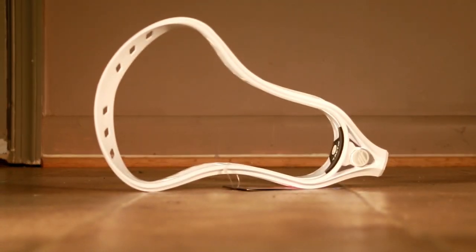The head I'm sharing with you guys today is called the Maverick Tactic. It's Maverick's newest lacrosse head, and it's only available in universal spec because of all the upcoming rule changes regarding head width.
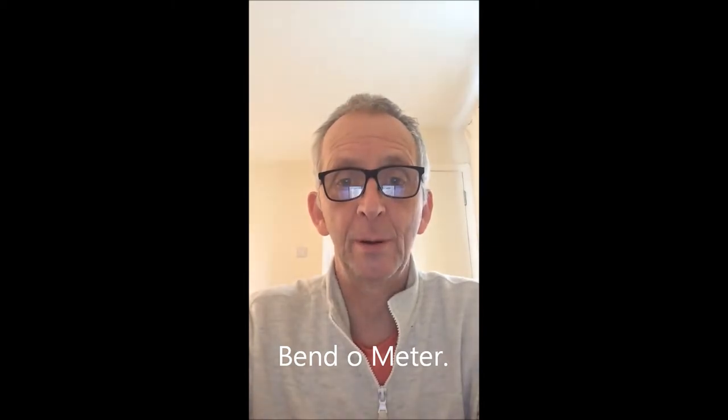Hello and welcome to Enjoy Harmonica. This is the first little video and I'm going to introduce you to an app. This app helps you with your bending technique — it makes sure that you're actually bending the note you're trying to bend and getting the correct note. It's called Bend-O-Meter.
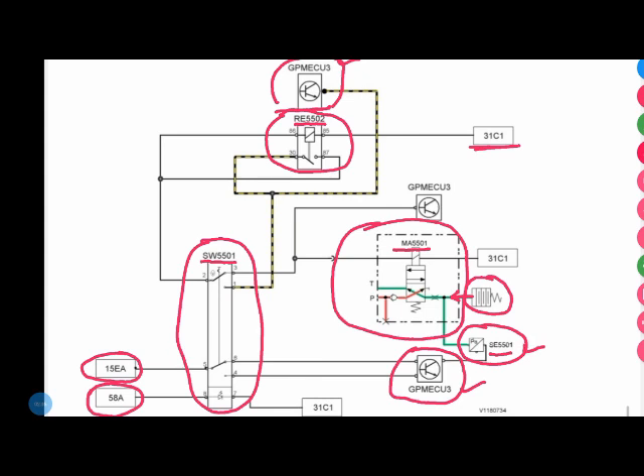Now I'm going to check all components. I found that relay RE5502 is also present in the parking brake circuit. I tested this relay and it is working good — no problem. I will show you how I tested it.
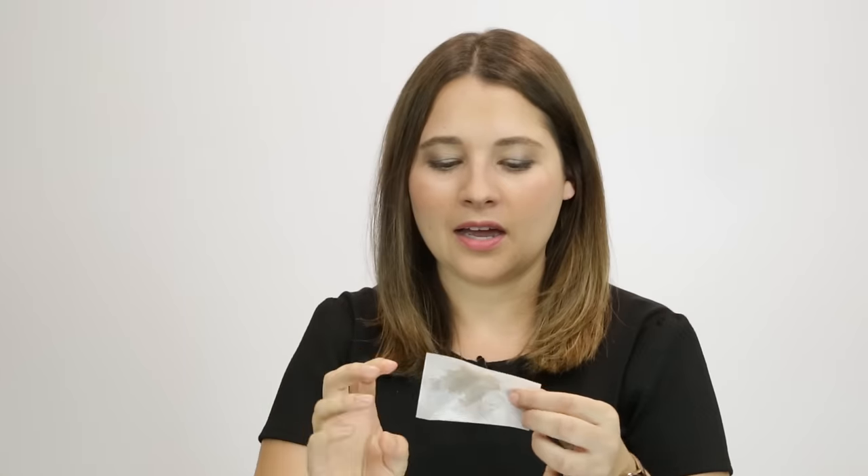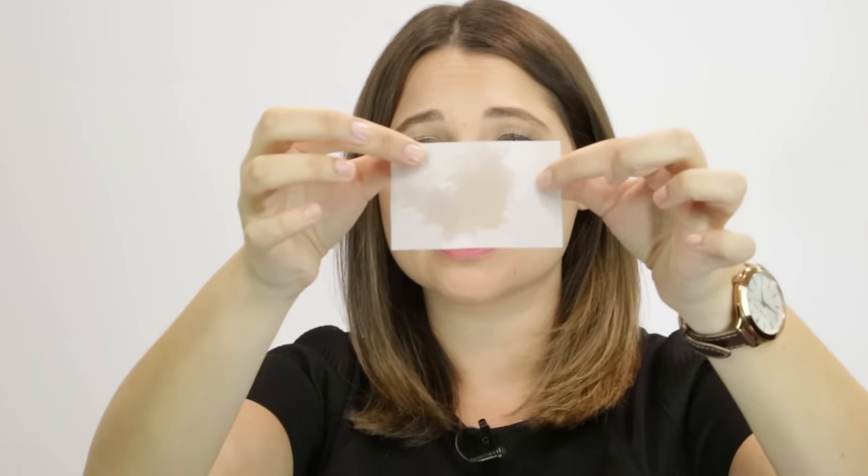Just gently dab by your nose, your forehead, and your chin. And if you can see closely in that paper, you can see all the oil that you've just dabbed up. Remember, dab, don't wipe when it comes to blotting papers.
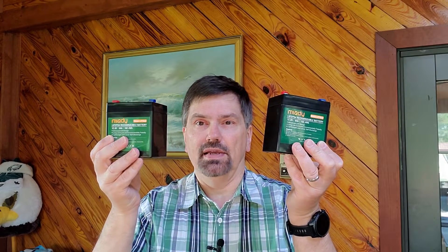Two is one, one is none. How do you carry a backup battery for your QRP operation without loading yourself down with two heavy batteries? Next on AA3K On The Go.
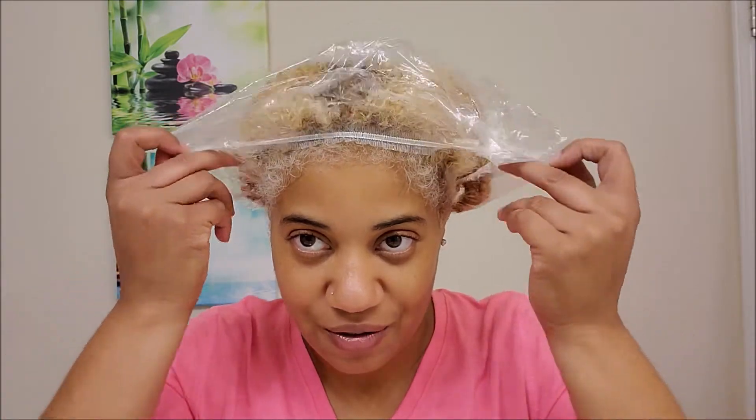I've already applied the all-in-one leave-in treatment. This is kind of like a continuation of my wash day — I washed my hair yesterday, actually recolored and did a treatment, and it wound up being too late to finish recording. So I just applied some leave-in, put a cap on, and went to bed. My hair is still damp, but I'm going to wet it a little more since we're doing a wash and go.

════

## TASK TO CARRY OUT:
Send back the data above word for word, with the pictures left out.

## OUTPUT:
The head I'm sharing with you guys today is called the Maverick Tactic. It's Maverick's newest lacrosse head, and it's only available in universal spec because of all the upcoming rule changes regarding head width.
Hello and welcome to Enjoy Harmonica. This is the first little video and I'm going to introduce you to an app. This app helps you with your bending technique — it makes sure that you're actually bending the note you're trying to bend and getting the correct note. It's called Bend-O-Meter.
Now I'm going to check all components. I found that relay RE5502 is also present in the parking brake circuit. I tested this relay and it is working good — no problem. I will show you how I tested it.
Just gently dab by your nose, your forehead, and your chin. And if you can see closely in that paper, you can see all the oil that you've just dabbed up. Remember, dab, don't wipe when it comes to blotting papers.
Two is one, one is none. How do you carry a backup battery for your QRP operation without loading yourself down with two heavy batteries? Next on AA3K On The Go.
I've already applied the all-in-one leave-in treatment. This is kind of like a continuation of my wash day — I washed my hair yesterday, actually recolored and did a treatment, and it wound up being too late to finish recording. So I just applied some leave-in, put a cap on, and went to bed. My hair is still damp, but I'm going to wet it a little more since we're doing a wash and go.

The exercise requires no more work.